Hattet ihr diesen Gedanken auch schon mal? Vielleicht wart ihr dann ganz erschrocken und habt ihn schnell wieder weggewischt. Oder vielleicht war einer von euch sogar ganz mutig und hat laut zum / zur anderen gesagt „Liebling, ich glaube, wir sind nur noch Eltern, kein Paar mehr. Was sollen wir tun?

Gab es dann Streit? Stille? Ratlosigkeit? Trennungsgedanken?

Lass uns kurz zurückspulen: Du und Dein Partner / Deine Partnerin ward ein Liebespaar. Glücklich, unbeschwert und gewillt, miteinander eure Zukunft zu verbringen. Ihr habt gemeinsam Freunde getroffen, wart feiern und habt am Wochenende manchmal das Bett nicht verlassen. Ihr seid zusammengezogen. Vielleicht habt ihr geheiratet. Und ihr wolltet eine Familie gründen!

Und dann war es soweit: ihr wurdet Eltern. Was für eine Veränderung! Nichts war mehr, wie es früher war.

Vielleicht konntet ihr schon vorher Paare im Bekanntenkreis beobachten, deren Beziehung durch die Kinder plötzlich unglaublich distanziert, pragmatisch und unromantisch wurde.

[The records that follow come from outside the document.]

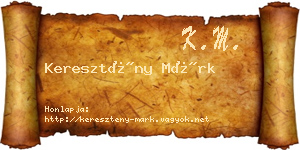 Keresztény Márk névjegykártya
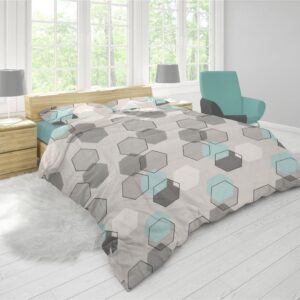 ΠΑΠΛΩΜΑΤΟΘΗΚΗ ΕΜΠΡΙΜΕ Hexagon 395 220X240 Grey Cott/Pol 70/30 - Image 1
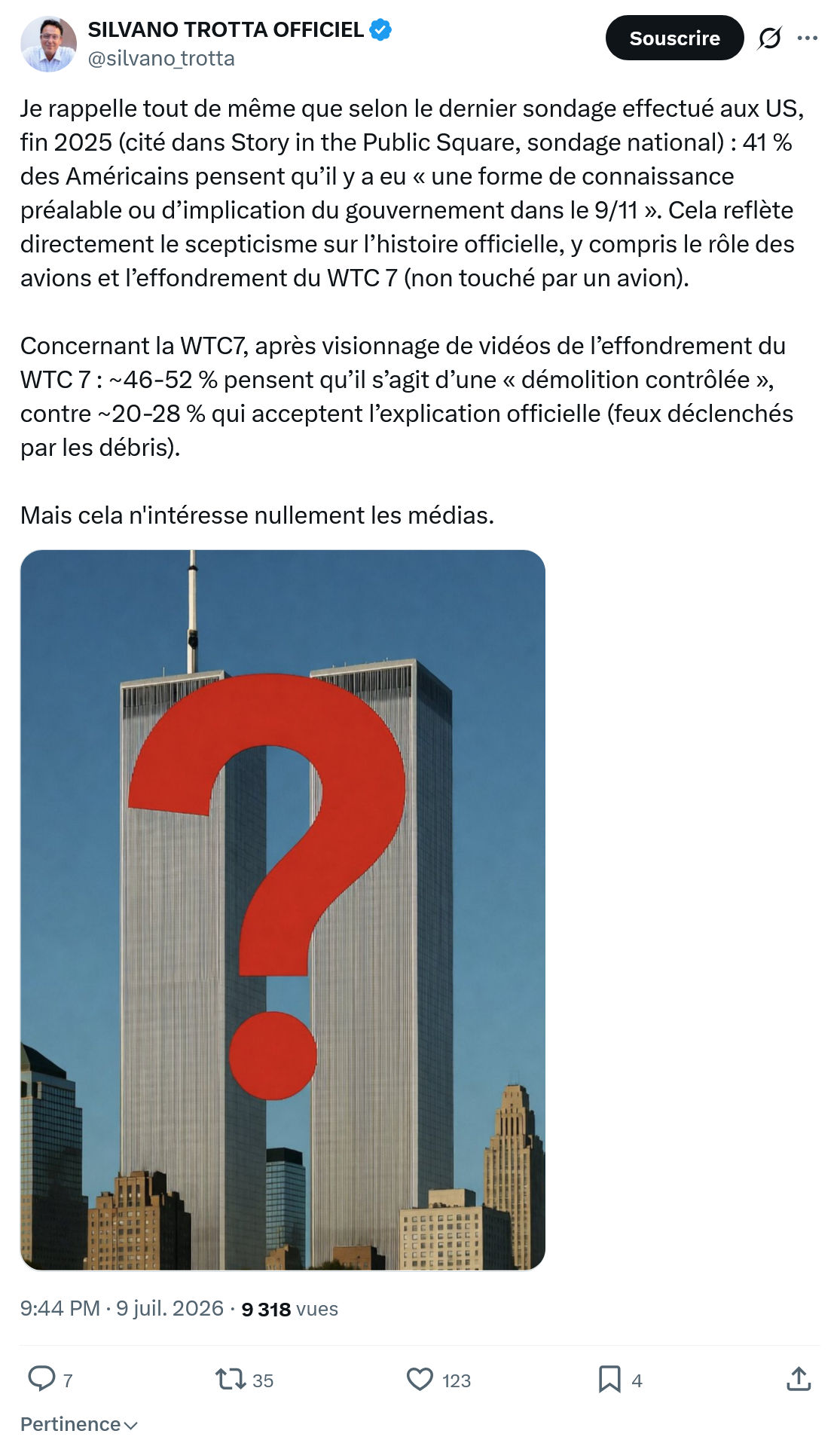 Silvano Trotta: Je rappelle tout de même...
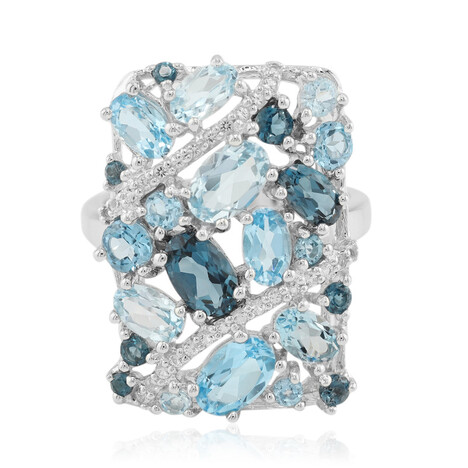 Zilveren ring met Zwitsers-blauwe topaasstenen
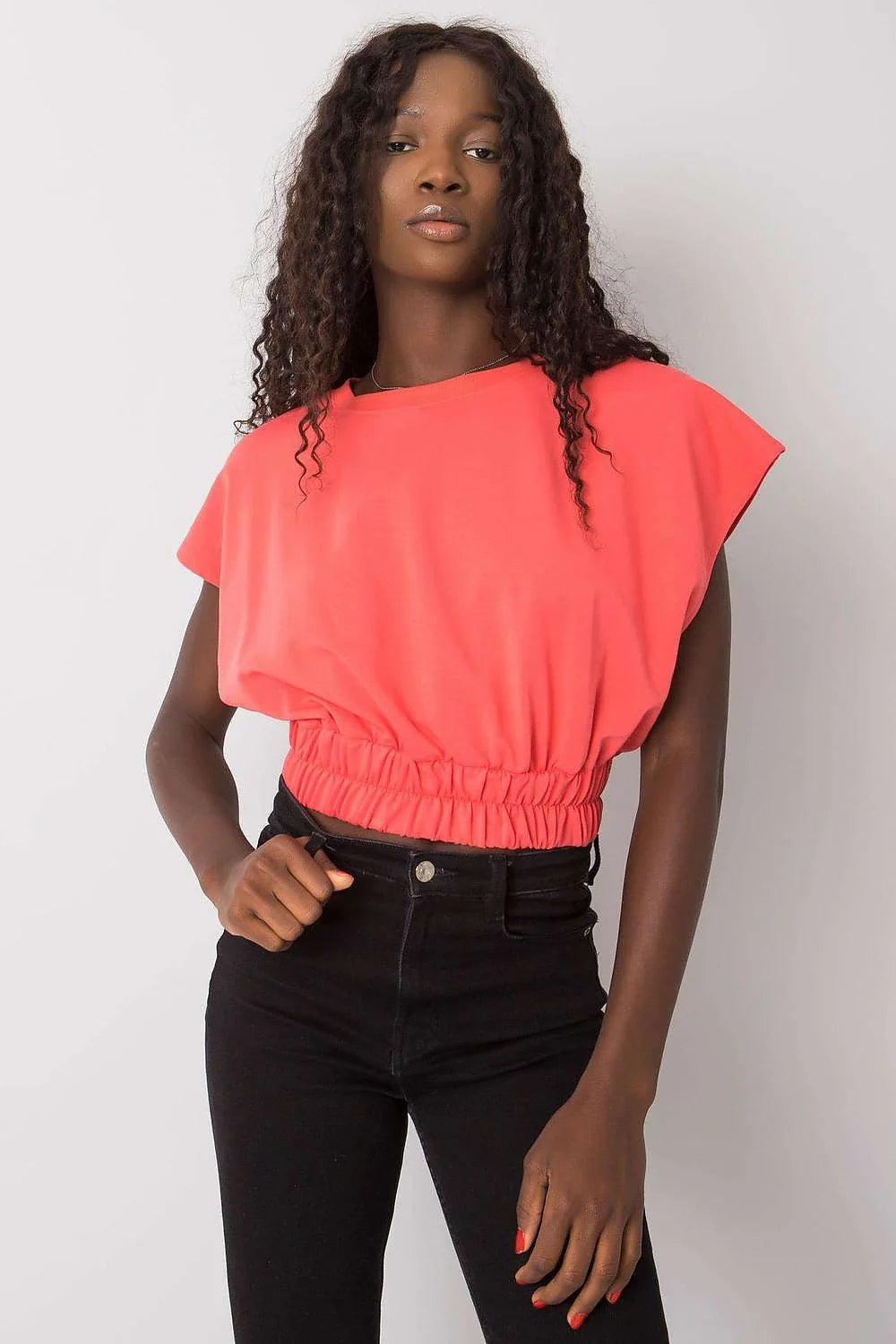 Haut pour femme sweatshirt Fancy coupe ample manches courtes bande élastique corail vif coton léger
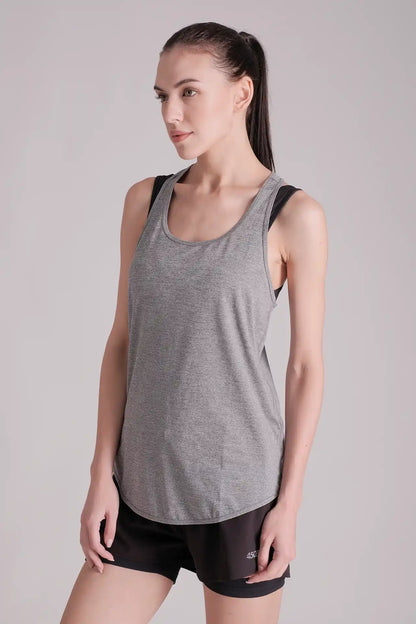 SPWK0143 - Women's Ultra Light-weight Running Tank Top - Heather Grey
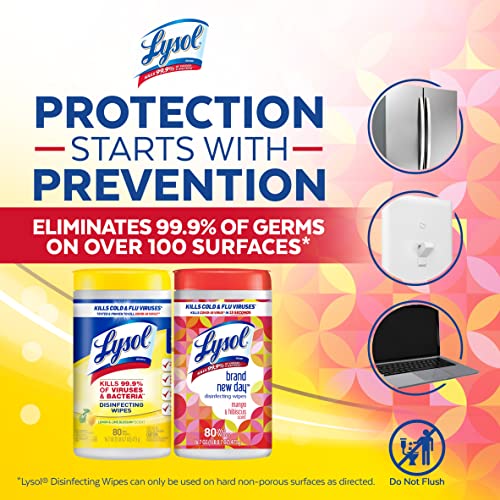 Lysol Disinfectant Wipes, Lemon and Lime Blossom, 80 Count (Pack of 3) O55892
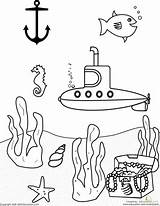 Submarine Coloring sketch template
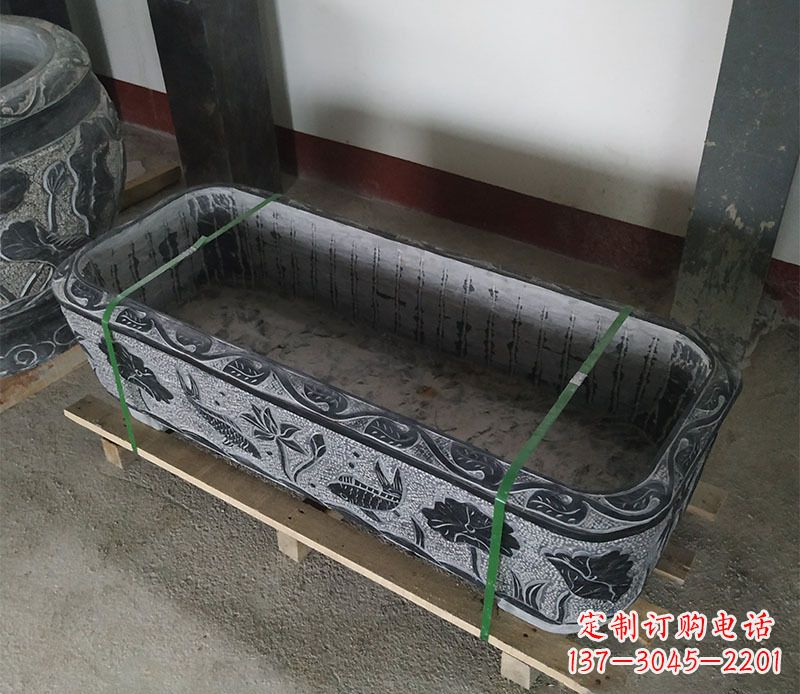 金华石浮雕鱼缸仿古鱼缸石雕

„So werden wir nicht“ habt ihr gedacht und euch ganz besonders viel Mühe gegeben. Und euch richtig gut gefühlt, wenn ihr gemeinsam händchenhaltend mit dem Kinderwagen spazieren gegangen seid oder euch gegenseitig liebevoll mehrfach am Tag gesagt habt, was für tolle Eltern ihr seid.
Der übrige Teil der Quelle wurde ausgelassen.